The Zero Gecko family uses TSMC’s “extremely low leakage” (ELL) 180nm to help provide what Silicon Labs director of MCU marketing Daniel Cooley called a much flatter power per megahertz curve than competitors. At 1MHz and operating from a 3V supply, an active MCU consumes around 155µA. As the speed increases the power per meghertz drops to 110µA/MHz at 12MHz and on to the maximum of 24MHz.

Cooley said the power figures are obtained running code from flash and not by loading code into lower-power SRAM. “There is some smart caching going on but there is no loading and running code only from SRAM in these figures.”

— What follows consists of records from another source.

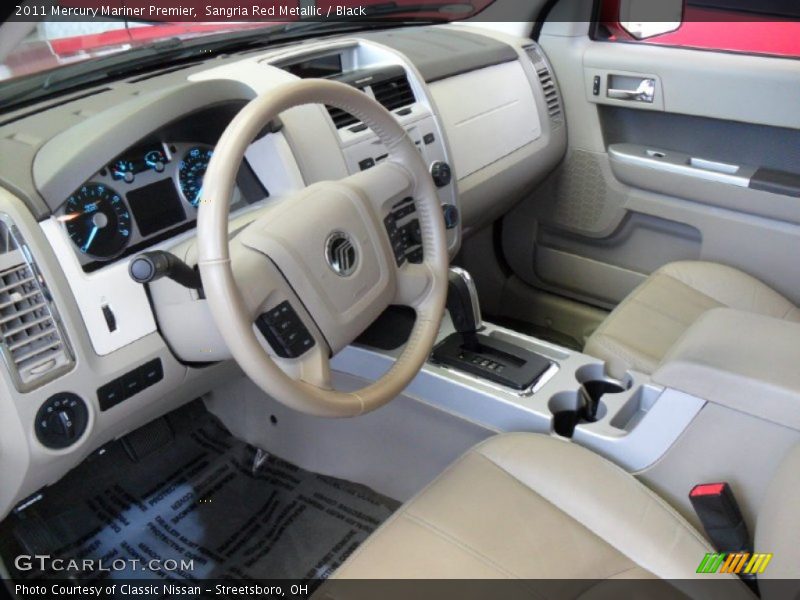  2011 Mariner Premier Black Interior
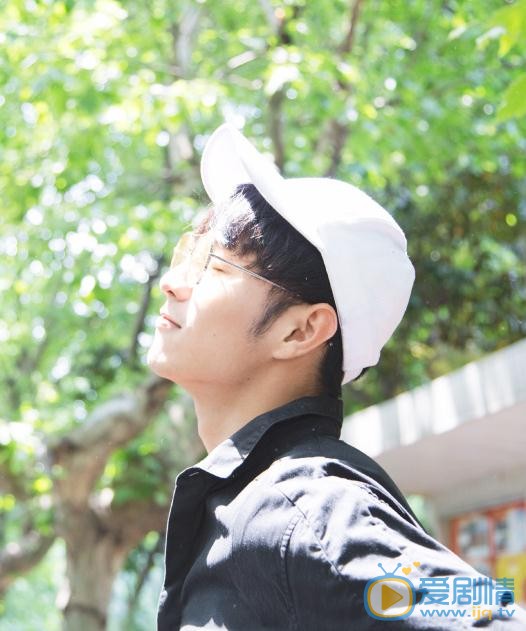 杨业明街拍写真 杨业明高清写真_杨业明高清剧照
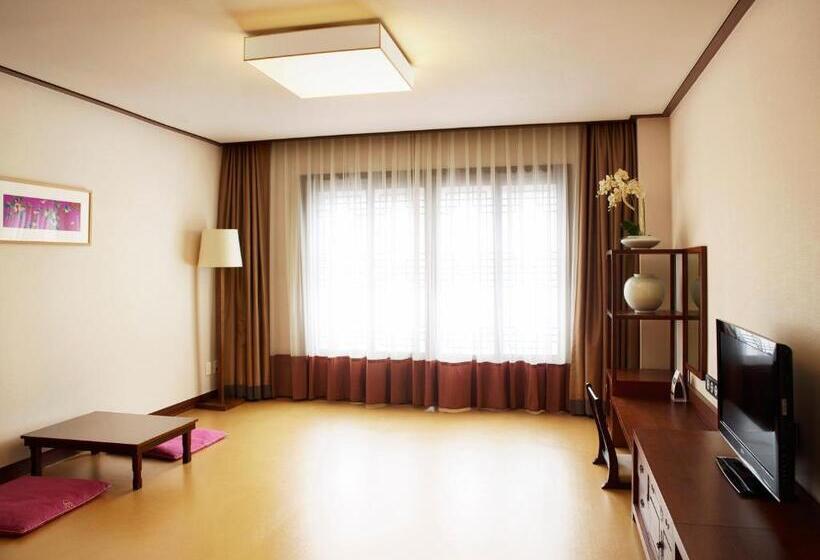 Номер Стандартный с Видом, Holiday Inn Resort Alpensia Pyeongchang, An Ihg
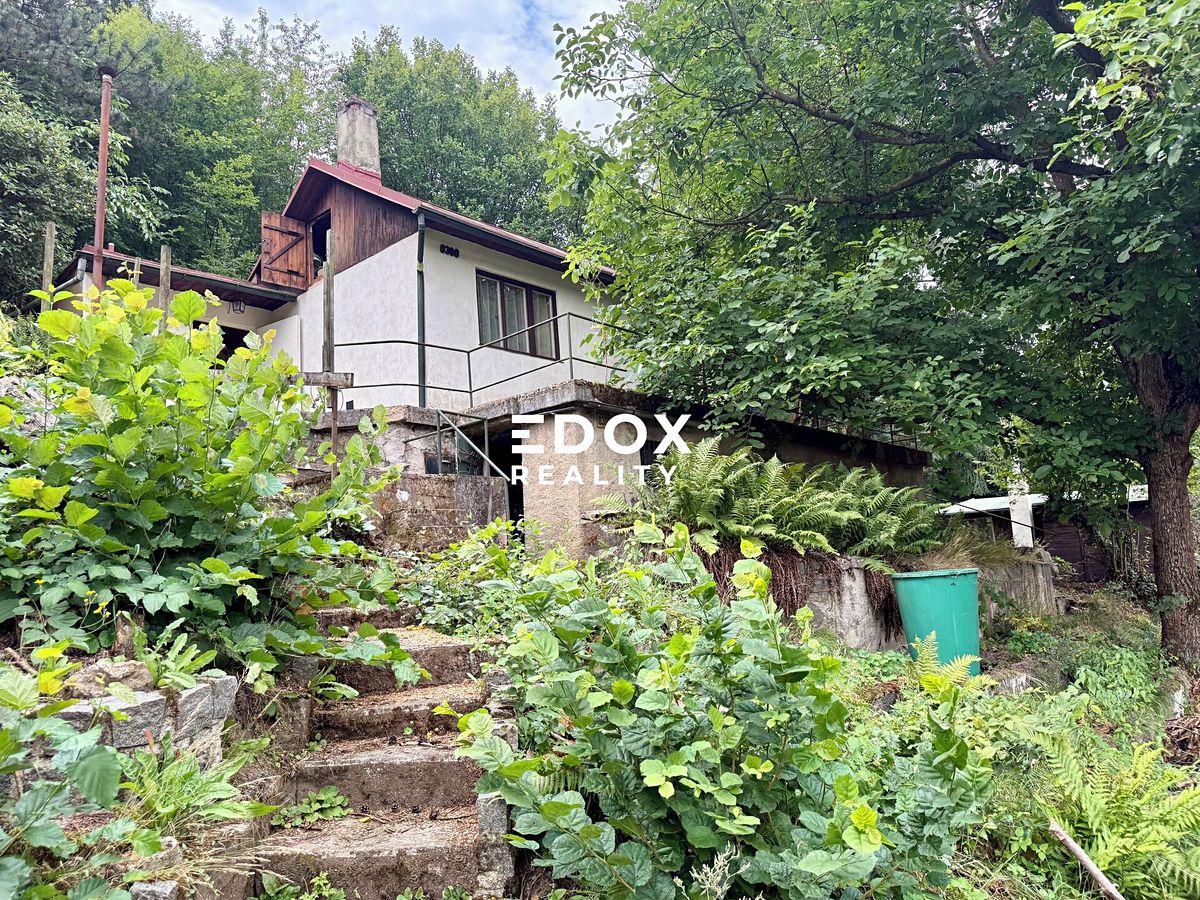 Prodej chaty 38 m², pozemek 324 m² – fotografie 2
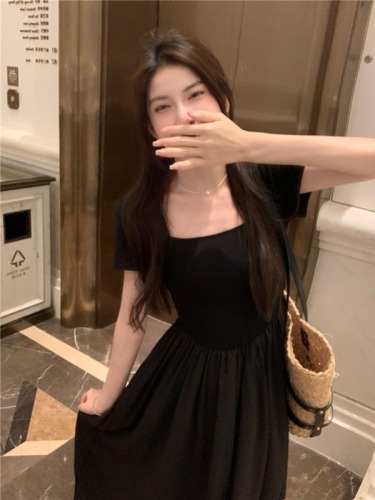 Actual shot of new style French gentle style square collar solid color simple dress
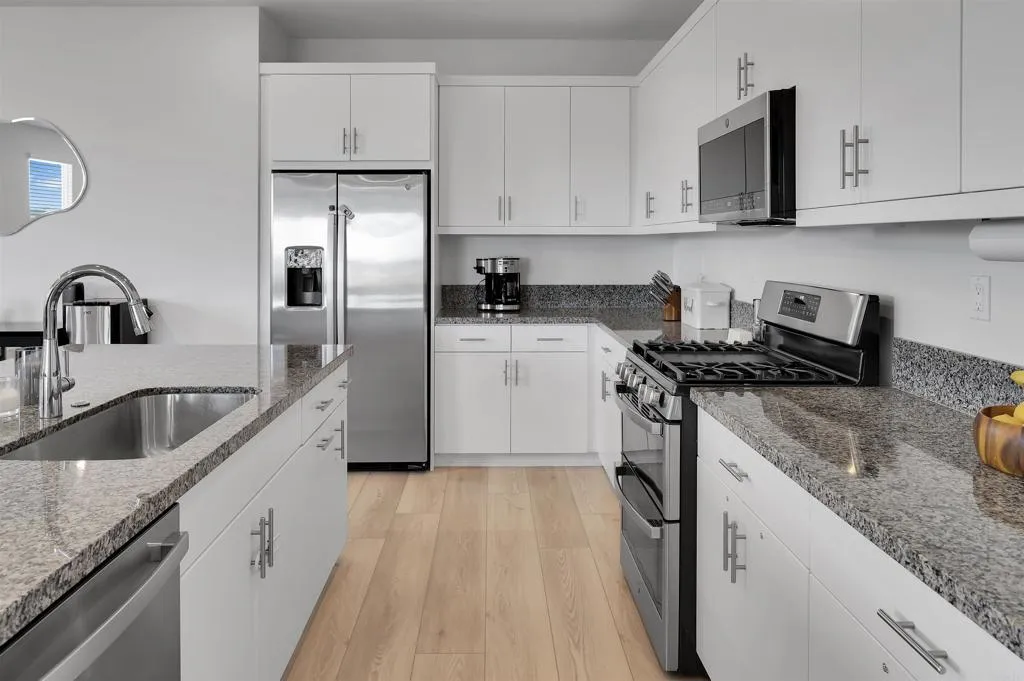 https://cdn.realtyfeed.com/cdn/127/306792210/9c8f1a34428757320690ac80a4d54f12.webp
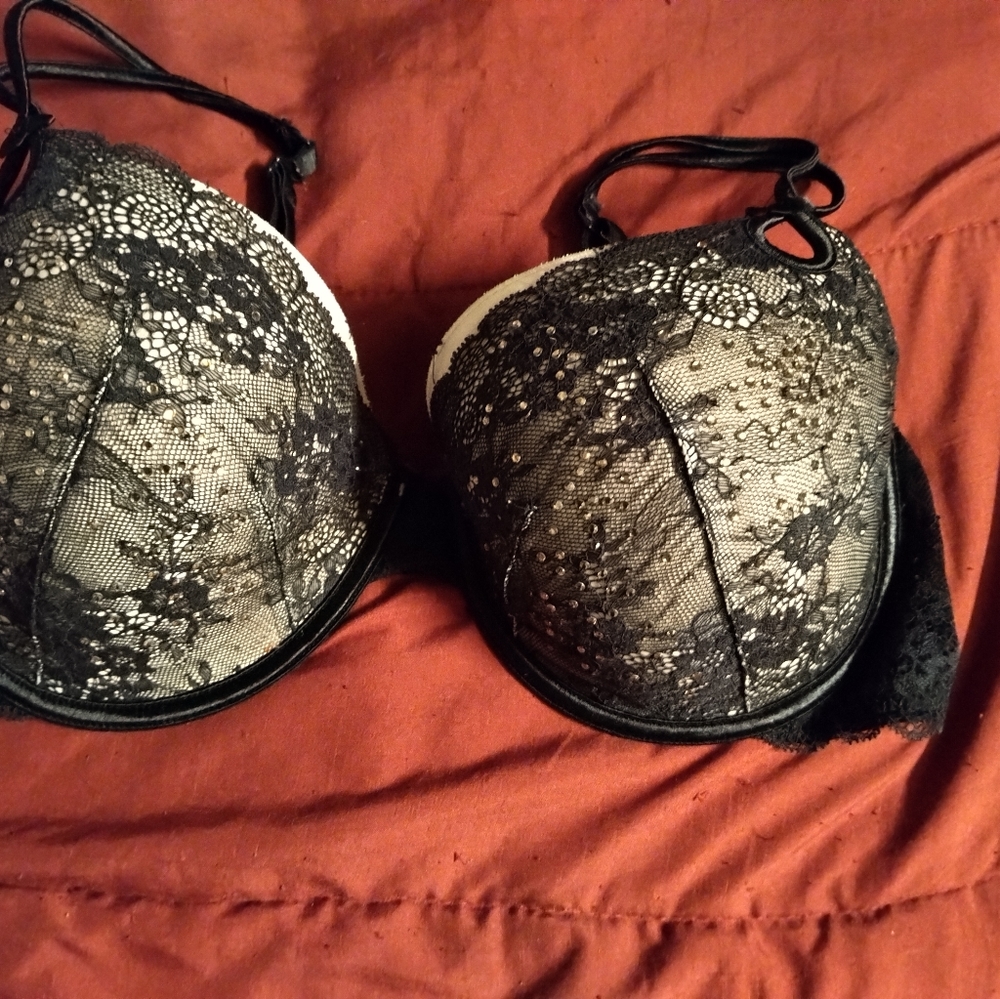 Victoria's secret 38 DD bra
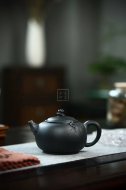 《云臺聽松》
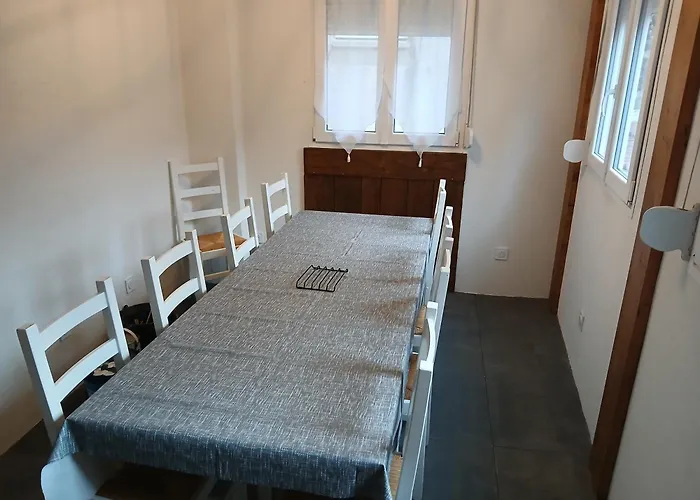 De 90 M2 Climatise Avec Terrasse Апартаменты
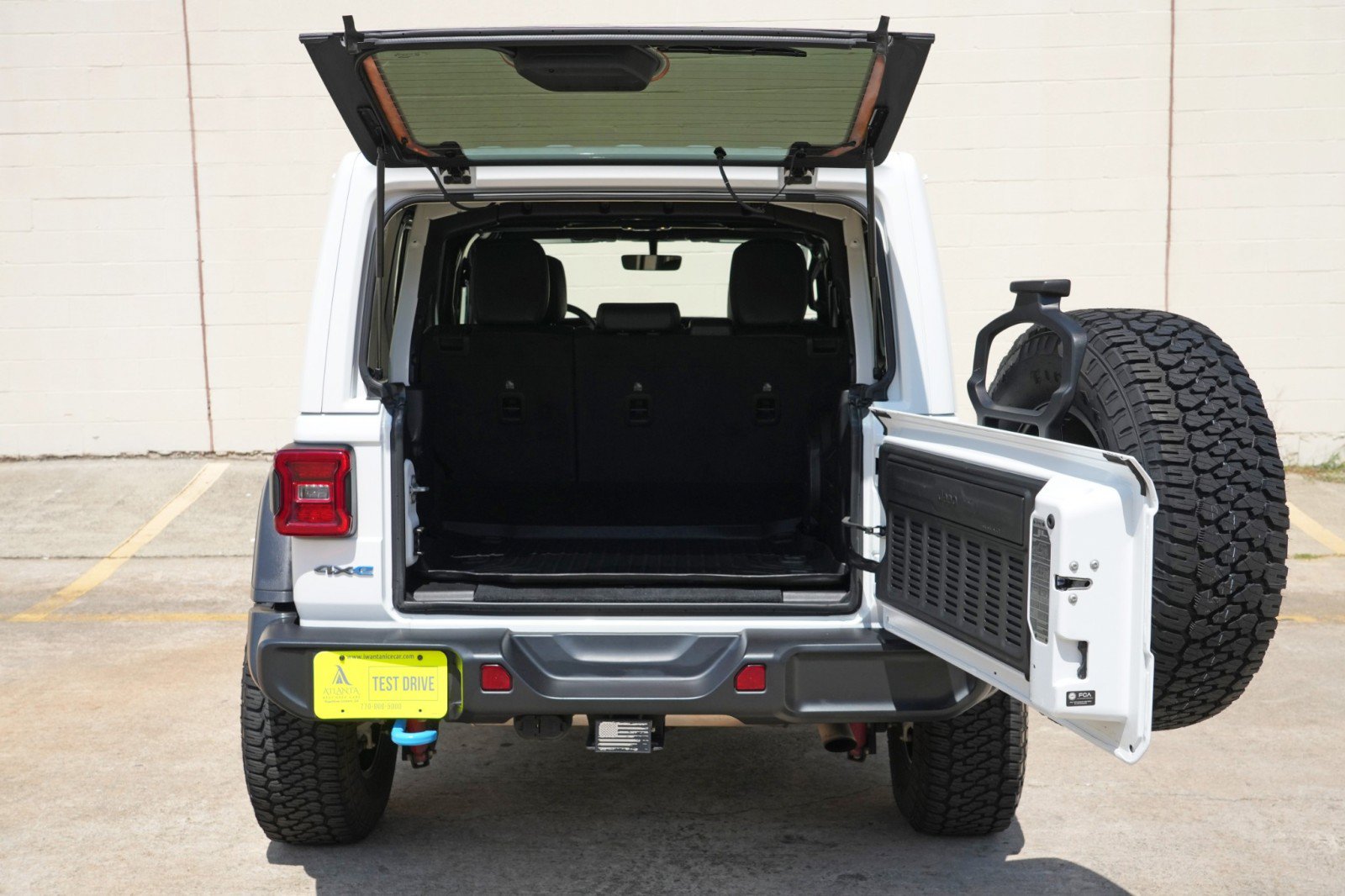 Used 2022 Jeep Wrangler Unlimited Rubicon 4xe w/ Cold Weather Group AWD/4WD image 10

The wakeup time from the lowest-power mode (EM3), which consumes around 900nA with an active above shutdown is 2µs. The wake-up time for MCUs from low-power modes can be lengthy because of the time it takes to reactivate the phase-locked loop (PLL) circuit from a cold start. Cooley said the company uses an onchip, silicon RC oscillator instead of a PLL. Although Silicon Labs has its own portfolio of silicon oscillators, the design was started at Energy Micro before the Scandinavian company was acquired, so the RC oscillator was Energy Micro’s own technology.

Onchip security

To support better security among sensor nodes in Internet of Things (IoT) applications, the company decided to implement its own AES engine with an entropy generator to support software-based key generation. Øyvind Janbu, director of strategic marketing for MCUs, said the company has had cracking techniques such as power analysis used to assess the circuitry’s protection against common hacking attacks.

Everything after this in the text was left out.